If I like something I will buy it - simple as. Don't *ever* try to claim that I'm a freetard without even knowing anything other than my opinion. It shows you to be the arrogant tard instead.
And yes, I agree fully with "we need to find another way of getting them paid" sentiment because that's what my post covered.
If you noticed, I didn't say "we shouldn't pay artists" I actually said that they should look at other methods instead such as contracting themselves out in order to make something for someone (you know, how pretty much every other trade works.. are builders allowed a cut of your profits when you sell on a building they put together or worked on?) rather than expect to milk a single bit of work they might have done at any point in their lives.
Artists are human too!
A short term copyright period would allow for the recouping of initial investment and helps to stop the hording of of creations and allow many generations to get to know the full extent of our species creative thrusts.

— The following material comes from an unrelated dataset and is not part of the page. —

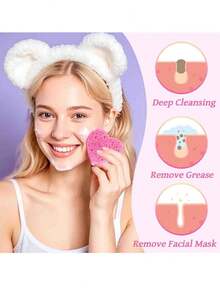 Compressed Cellulose Heart Shape Facial Sponges Natural Cosmetic Spa Sponges Reusable For Facial Cleansing Exfoliating - Coral Pink - View 8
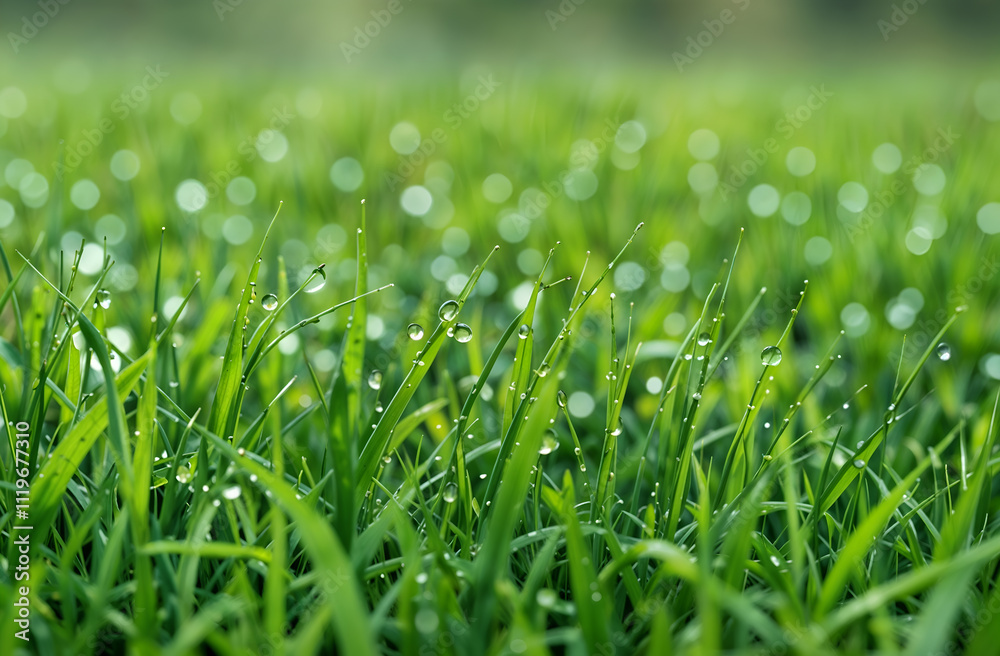 Dew-covered green grass in close-up, capturing the freshness of nature, ideal for natural and environmental themes. Dew-covered green grass in close-up, capturing the freshness of nature, ideal for natural and environmental themes.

If you want to look at a great example of how copyright abuse (note, not copyright in its entirety, but abuse of copyright to take a deathgrip on something) denies people the ability to get to know the creativeness and genius of the creations of some humans, just look at the way Disney handles its properties. "available for the only time this decade" promotions that do nothing but feed the pirating circles as those who wish to see it are stopped from handing their money over.
And I produce my own podcasts so I also release my own works into a plagerising world. Yet, I don't care if others redistribute my work and if others make money from it as long as I get a credit and my name is kept in association with it.
@mark: it's a method I promote in an article I wrote on my site: http://www.pissheadnerds.com/readarticle.php?article_id=12
Recorded music is a relatively new market... it was a bubble that was bound to burst at some point.
The earliest 'modern' musical instrumants date back 10,000 years. Copyright law dates back just over 300 years. Now, can someone suggest why music lovers do not take kindly to being told by music company execs (who usually have no musical talent themselves) that it is the music industry and not the fans who 'own' music?
Music is an intergral part of human culture - more so than sport, literature or even religion. Allowing a small group of wealthy, largely white, largely middle class, largely middle-aged men determine how we experience music is as unethical as it is impractical. P2P isn't popular because many people ignore the law, it's popular because, on a fundamental level, many people simply cannot accept that access to music should be unecessarily and significantly curtailed by the State to protect the vested interests of the economic elite.
Historic accident has led to the situation where many people are fooled into thinking music companies have a right to control music. What society has yet to realise is that the music industry is not the moral guardian of music creativity... it's simply the middle-man - a distribution channel no different to Amazon or Virgin Cable. Unfortunately for society, the Reagan / Thatcher obsession with market forces has allowed the money-obsessed distribution network to borg the creative production network. Now it is impossible to seperate the motivation behind investing in music from the maximisation of profits made from that investment.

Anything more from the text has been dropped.